Musikalische Verfremdung als respektvolle Hommage an Wagner
Überhaupt überzeugt der Abend auch musikalisch – nicht trotz, sondern gerade wegen seiner Verfremdungen. Der Bass geht in Fusion-Patterns über, das Cello klagt und swingt, die Posaune wechselt zwischen Blechzitat und Jazzphrase. Die klassische Wagner-Instrumentierung wird durchbrochen: Eine Melodica wird herangeschoben, die Schlagzeugsticks landen klappernd auf einer E-Gitarre. Halbtönige Flächen entstehen und perkussive Resonanzen – eine klangliche Parodie, die gleichzeitig Respekt zeigt.
Anmeldung Newsletter "Topthemen am Abend"
Zum Finale hin erklingt schließlich der Pilgerchor aus der Ouvertüre zur Wagner-Oper „Tannhäuser und der Sängerkrieg auf der Wartburg“. Erst instrumental, dann lauthals gesungen – überdreht, fast lärmend, wie ein Volkslied am Lagerfeuer. Ein Abgesang? Nein, eine Art Requiem für die Ehrfurcht. Wagner wird hier nicht verspottet, sondern menschlich gemacht.
Er wird nicht entrückt in die Sphäre des Unangreifbaren – sondern zurückgeholt auf den Boden einer musikalischen Auseinandersetzung.
Ein Raum für Freiheit und kritische Würdigung
Denn letztlich geht es an diesem Abend nicht um Ablehnung oder Huldigung – sondern um Freiheit. Die Freiheit, Wagner nicht zu mögen, ohne ihn verdammen zu müssen. Die Freiheit, seine Musik zu lieben, ohne sich dem Wagner-Mythos zu unterwerfen. „Lieben Sie Wagner?“ bleibt zum Ende des Programms als Frage stehen – aber sie hat sich gewandelt. In: Wie liebe ich Wagner? Oder: Warum liebe ich ihn überhaupt? Oder auch: Wie kann man einen Künstler lieben, der persönlich so tief im deutschtümelnden und ideologisch-antisemitischen Morast wurzelt – und doch Musik geschrieben hat, die noch immer fasziniert?
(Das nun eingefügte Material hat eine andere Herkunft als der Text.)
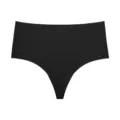 Black seamless high waist thong underwear for women, comfortable ice silk daily wear. - XS / Black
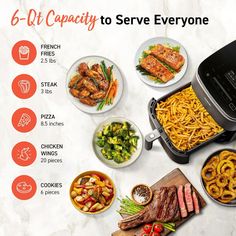 an appliance with many different types of food on it and the words, 6 - in - 1 capacity to serve everyone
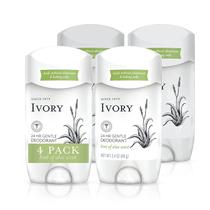 Desodorante Ivory Hint of Aloe 70 ml, pacote com 4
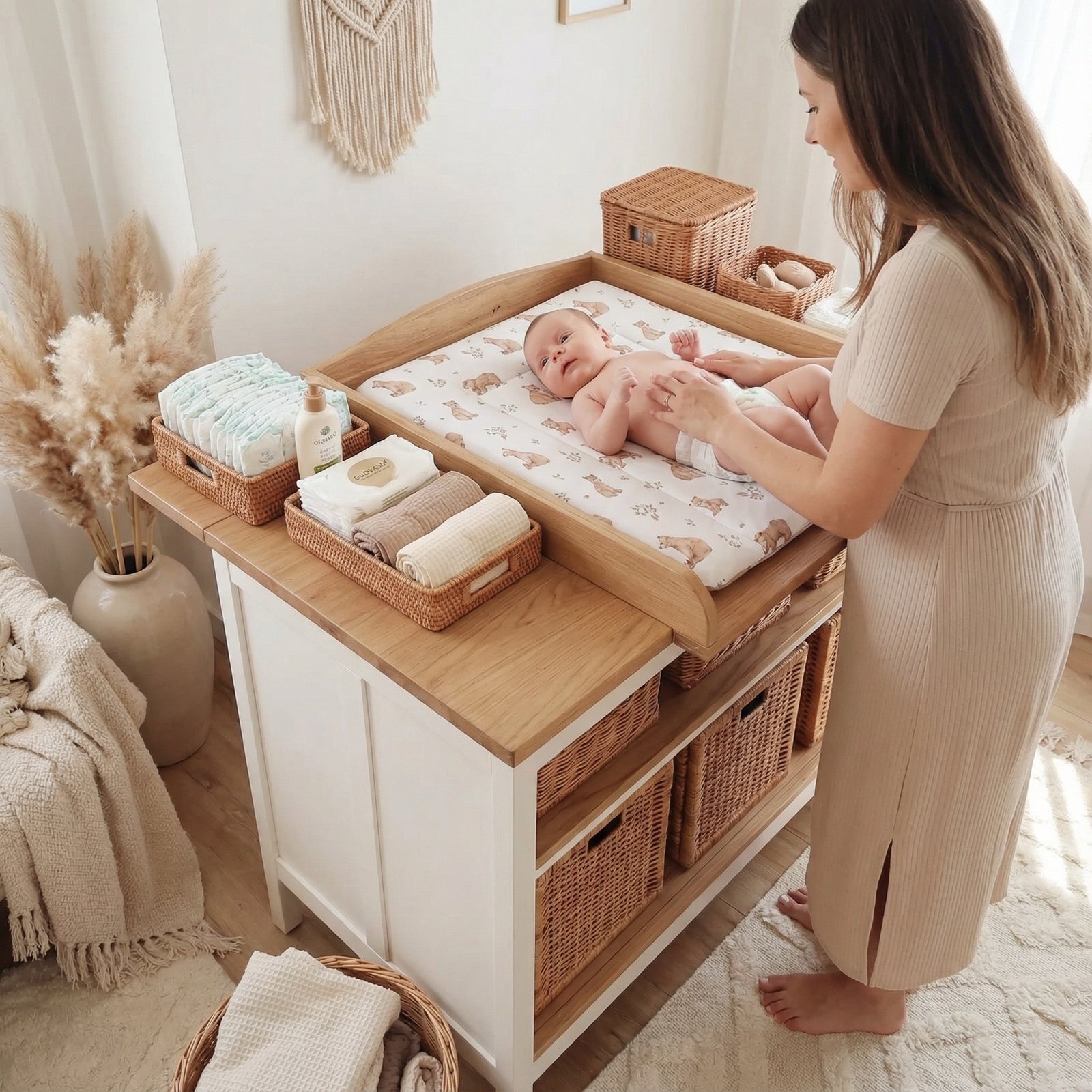 Wickelauflage Waffel Inklusive Abnehmbare Wasserdichte Unterlage | Happy Bears Hauptbild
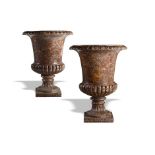 Garden Urns: A pair of monumental carved marble urns 1st half 20th century 100cm.; 39ins high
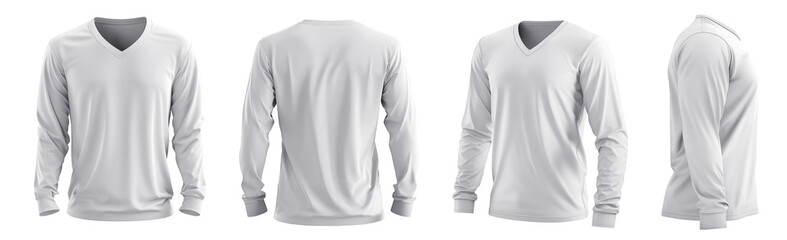 Set of men white front, back and side view V neck long sleeve tee shirt t-shirt on transparent background cutout, PNG file. Mockup template for artwork graphic design.	
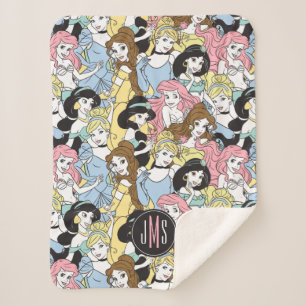 Disney Princess   Monogram Oversized Pattern Sherpa Blanket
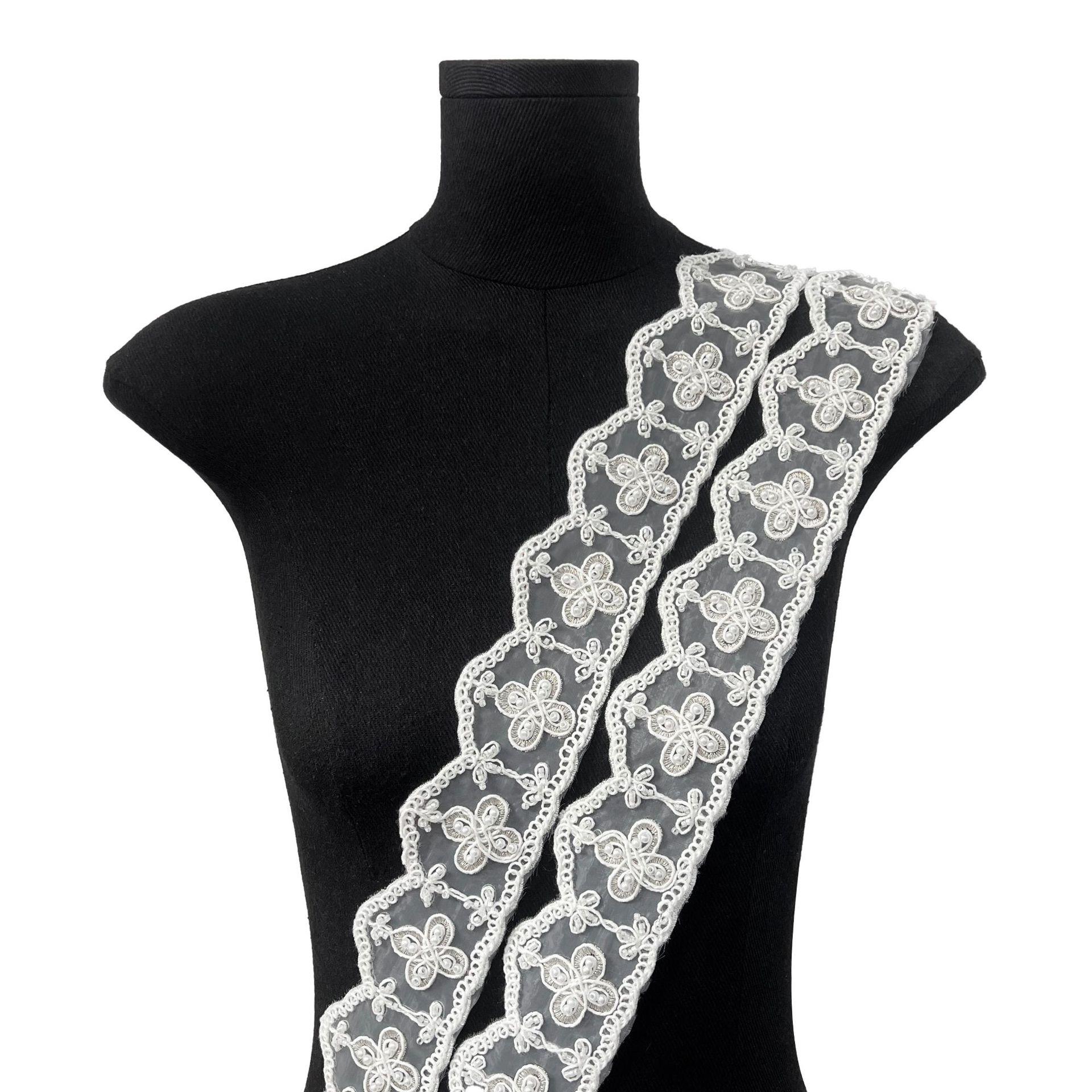 

White Lace Handmade Beads Embroidery Barcode Clothing Window Decoration Home Accessories Barcode Lace Accessories T3158 white one size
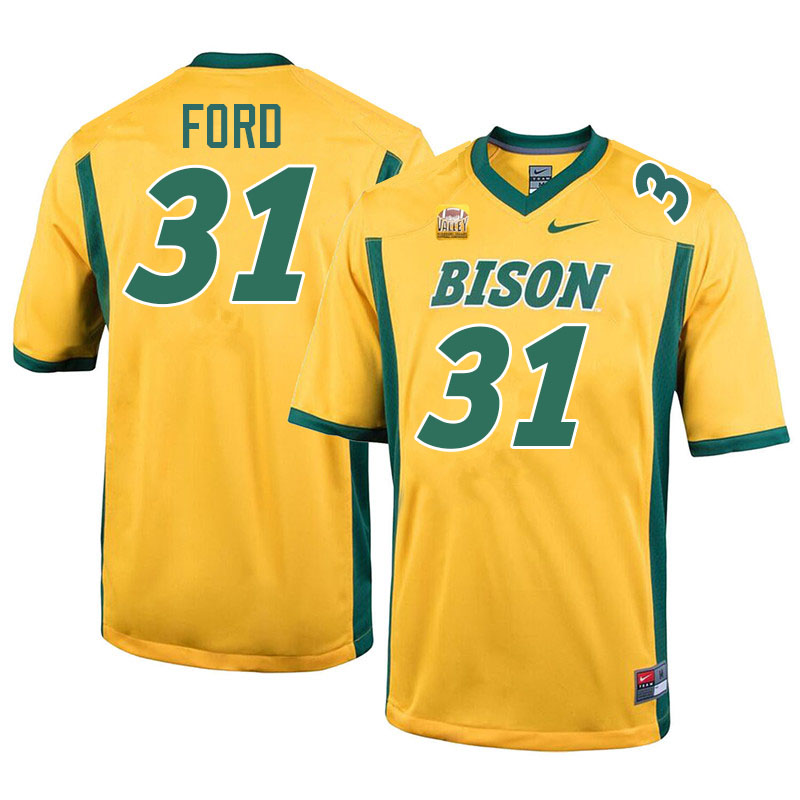 North Dakota State Bison #31 Mikhale Ford College Football Jerseys Stitched-Yellow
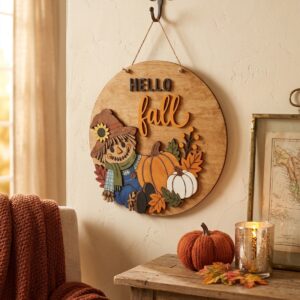 10-Inch Layered Wood "Hello Fall" Scarecrow Sign
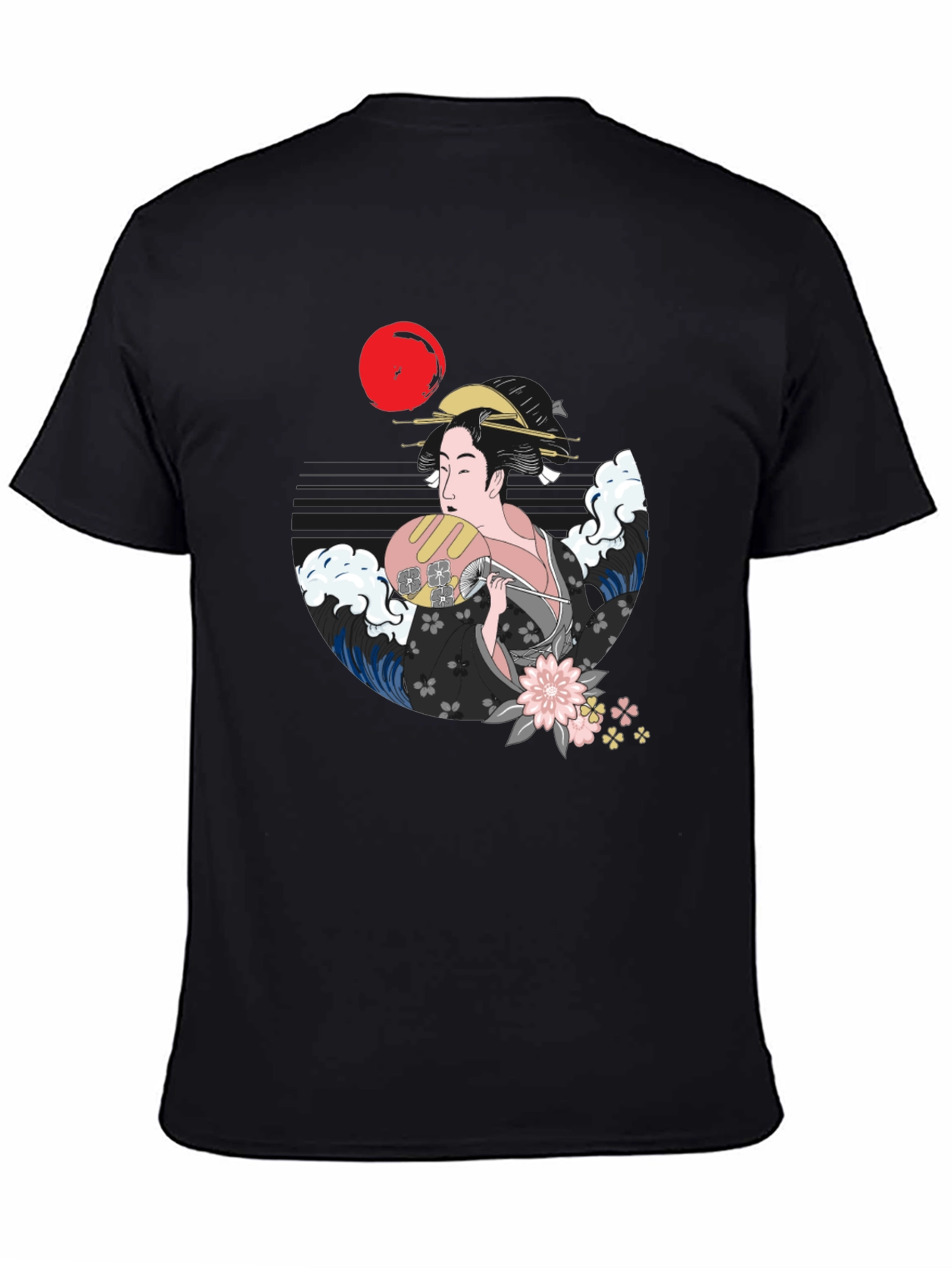 Black Geisha Graphic Black T-Shirt view 4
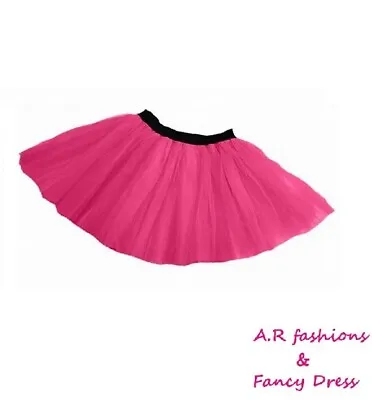 Pink Adults Neon Tutu Skirt 80s Race For Life Fancy Dress Dance Hen Party Ladies • £6.49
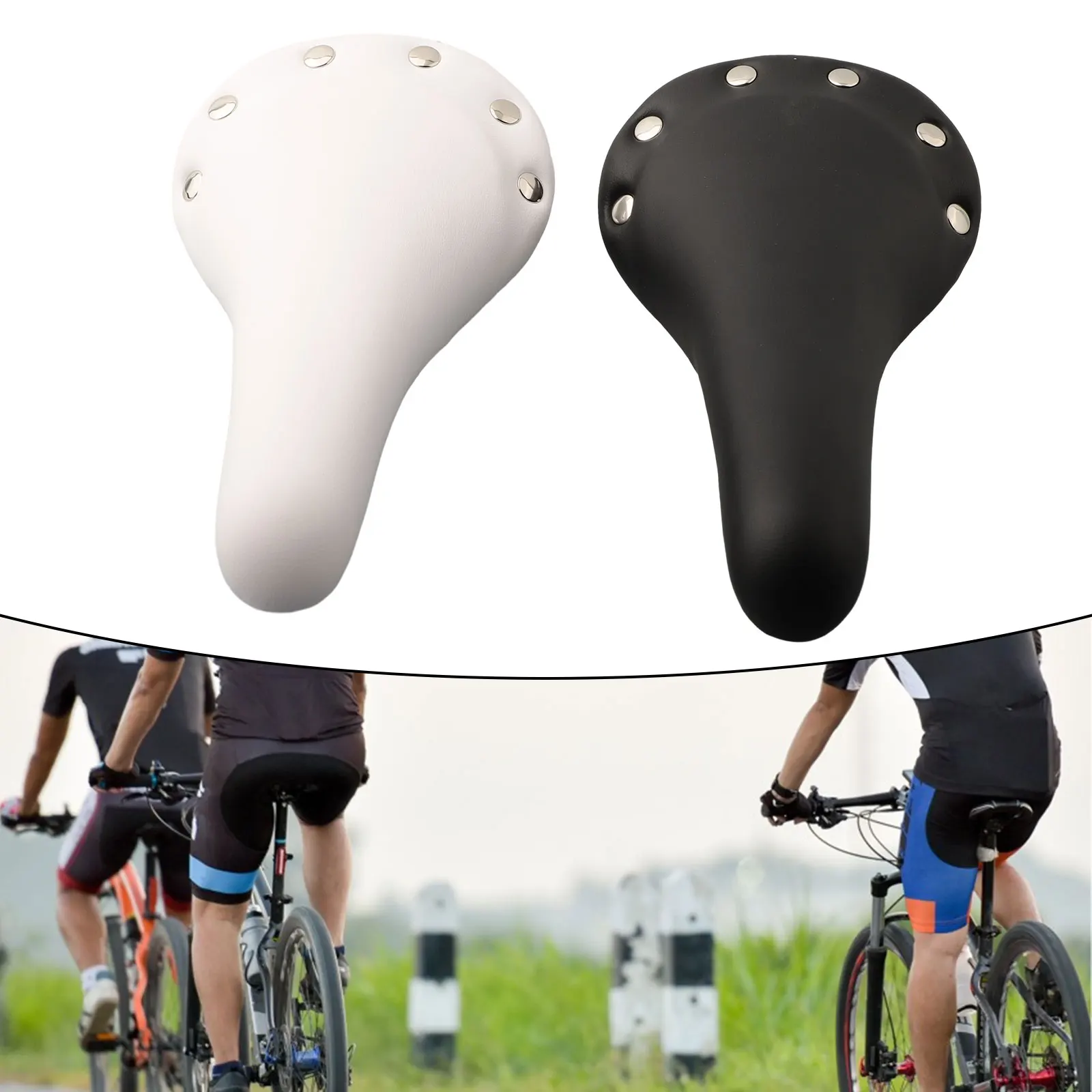 

Leather Fixed Antishock Saddle Pure MTB 7Colors Riveted Brown Outdoor Cycling Mountain Vintage Retro Rivets Road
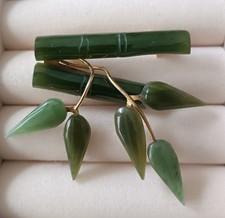Natur Jade Bamboo Brosche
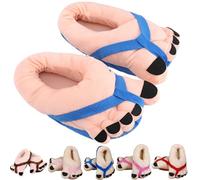 Bpoeee Funny Big Toe Slippers, Cozy Plush Gag Gift, Non-Slip Indoor Outdoor Slippers for Women Men, Novelty Couple Gift (blue(35-39))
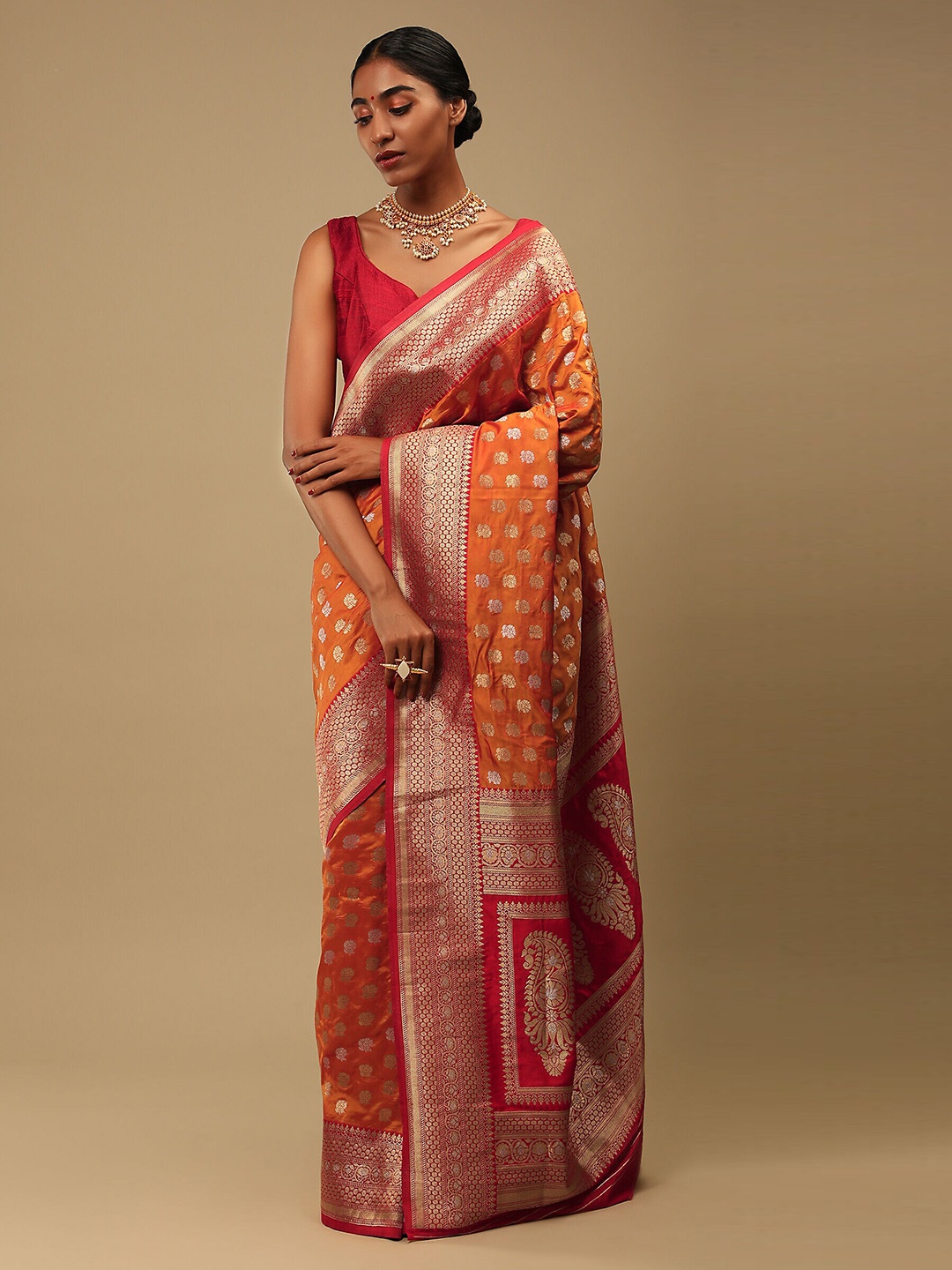 

Mitera Orange & Gold-Toned Woven Design Zari Art Silk Banarasi Saree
Svoboda und sein Quartett haben darauf keine endgültige Antwort gegeben. Aber sie haben einen Raum geschaffen, in dem diese Frage neu gestellt werden darf – ohne Pathos, ohne Protz und Prunk, dafür aber mit einem Augenzwinkern. Und vielleicht ist das die größte Liebeserklärung an Wagner, die man sich vorstellen kann.